Irene L. Szyliowicz remarks that historians and social scientists arc demonstrating that the traditional portrayal of women in these societies has been biased and based on Western judgements. European ethnocentrism and male chauvinism have combined to account for this phenomenon.5 As she thinks that French travel writer, Pierre Loti’s attitude toward Oriental women is particularly worth studying for several reasons, she points out in her Pierre Loti and the Oriental Woman (1988) that ‘since all the Oriental women essentially support and ratify their Occidental lovers, it is proper to conclude that Loti created these fictional characters as wish-fulfilment fantasies, to simultaneously reinforce and magnify his manhood.’6 When Loti made a speech titled ‘La Femme Turque’ (the Turkish Woman) before a large gathering of European women in the conference on ‘Feminine Life’, he concluded with a message: ‘Open the cages, open all the harems. Yet, don’t open them too quickly, for fear that the young, imprisoned birds should take a frantic flight before knowing properly where their inexperienced and fragile wings will take them.’7 According to Loti’s interpretation of Oriental women, which is quite similar to that of Byron, one might imagine that ‘they could be manipulated easily by their dominating masters, and further, this masculine paradigm presented these women, like their Occidental sisters as actually craving male domination.’8 Eventually, in the case of Oriental or exotic women created by Loti, the reader faces a different form; they are simple, primitive, dependent, often helpless, and they worship the hero as though he was God. ‘And despite the fact that he was still a product of his Occidental milieu and the prejudices with which he was raised, he prided himself on his objectivity toward various lands which he visited.’9

In sum, from the previously quoted remarks by 19th century travellers, it may be concluded that the most general point about travel literature (something also confirmed by Sir John Mandeville’s Travels) is that travel is undertaken for a great variety of purposes; the specific purpose involved in a given case is always, to a greater or lesser degree, determinant of what is noted or considered noteworthy. Consequently, the attention paid by the writer of a travel book is always ideological. A traveller usually comes from somewhere - from a country from a language community, class - and consciously writes the record of his journey for a particular public in the country he came from.10


1. As quoted in BALLANTINE, J. The Life of David Roberts, R.A. Compiled from his journals and other sources, Edinburgh, 1986, pp. 104-5.

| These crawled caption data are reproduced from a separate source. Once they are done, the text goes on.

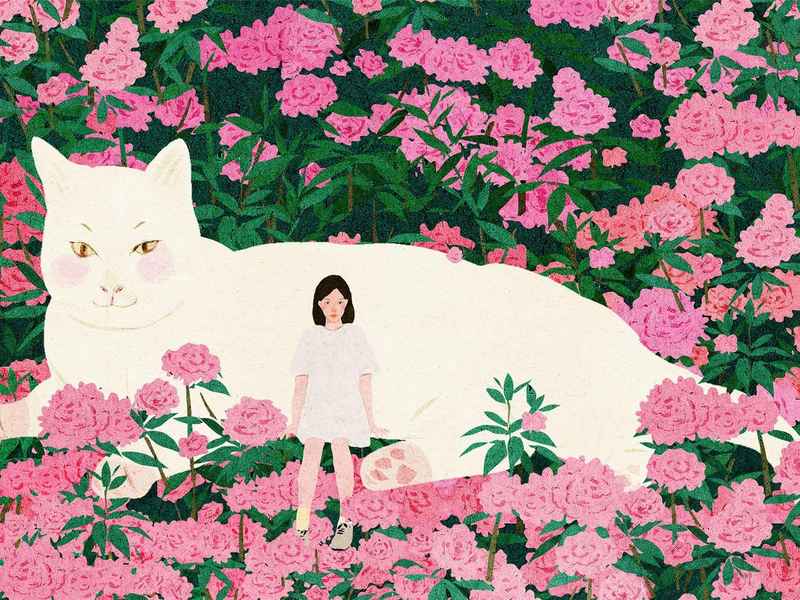 关于刺猬的儿童故事 - 关于刺猬的温暖小故事 关于刺猬的儿童故事 - 关于刺猬的温暖小故事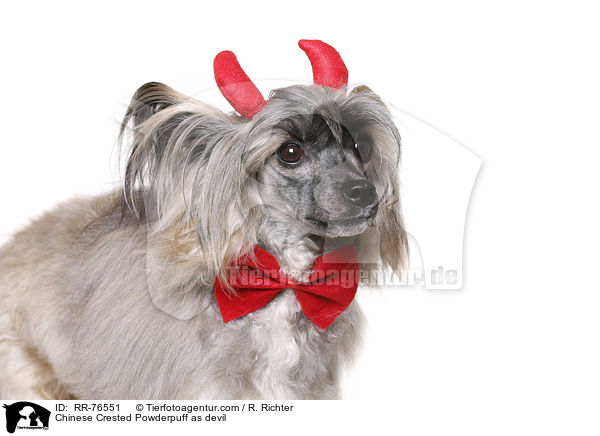 Chinese Crested Powderpuff as devil / RR-76551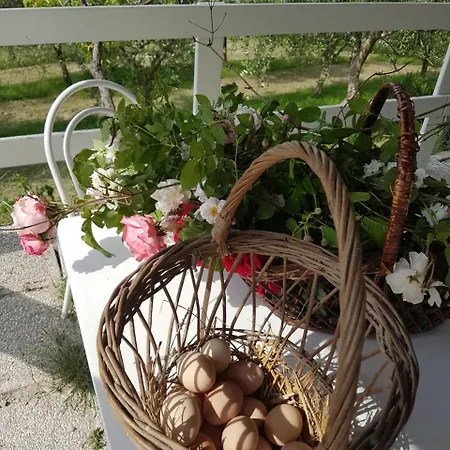 Farma Agriturismo La Dolce Vite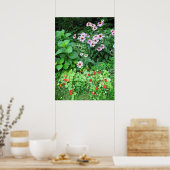 Tuinbloemen Coneflower Nasturtium Poster (Keuken)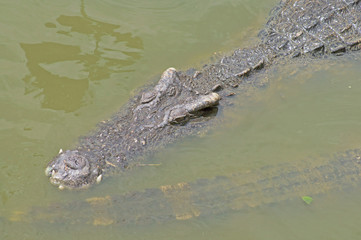 Dangerous crocodiles in green lake water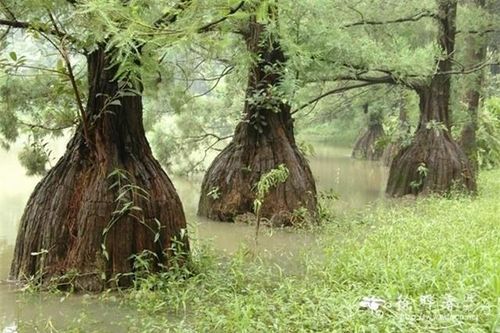 162 cây gỗ quý hiếm hơn cả 'vàng lộ thiên' ở Việt Nam, nhiều người săn lùng, có tiền cũng khó mua được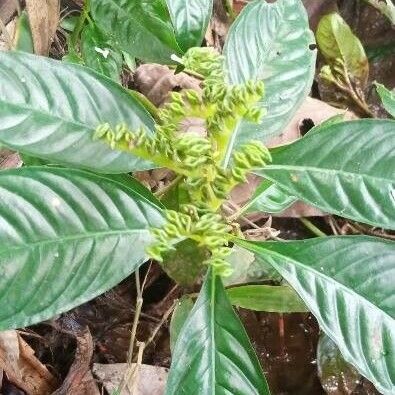 Photographie de Plante de mangouste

2. KABBANI, R. Europe’s Myths of the Orient, Macmillan, London, 1986, p.1.

3. ANDERSON. D. Miss Irby and her Friends, Hutchinson, London, 1966, pp. 52-3.

4. HAMMANI, R. and RIEKER, M. ‘Feminst Orientalism and Orientalist Marxism’, New Left Review, 170, 1988, p. 93.

5. SZYLIOWICZ, I. L. Pierre Loti and the Oriental Woman, Macmillan, London, 1988, pp.1-3.

6. ibid.

7. ‘Et je dis avec eux, mais non sans inquietude: out ouvrez toutes les cages ouvrez tous les harems. Cependant ne les ouvrez pas trop vite, de peur que les jeunes piseaux prisonniers...’ P. Loti ‘La Femme Turque in Quelques aspect du vertige mondial, Ernest Flammarion, Paris, 1917, p. 182.

8. SZYLIOWICZ, p. 3.

9. ibid, p. 12.

10. PARKER, D. ‘Orientalism and its Problems’ in BOOLE, F. (ed.) The Politics of Theory, University of Essex, John Fletcher.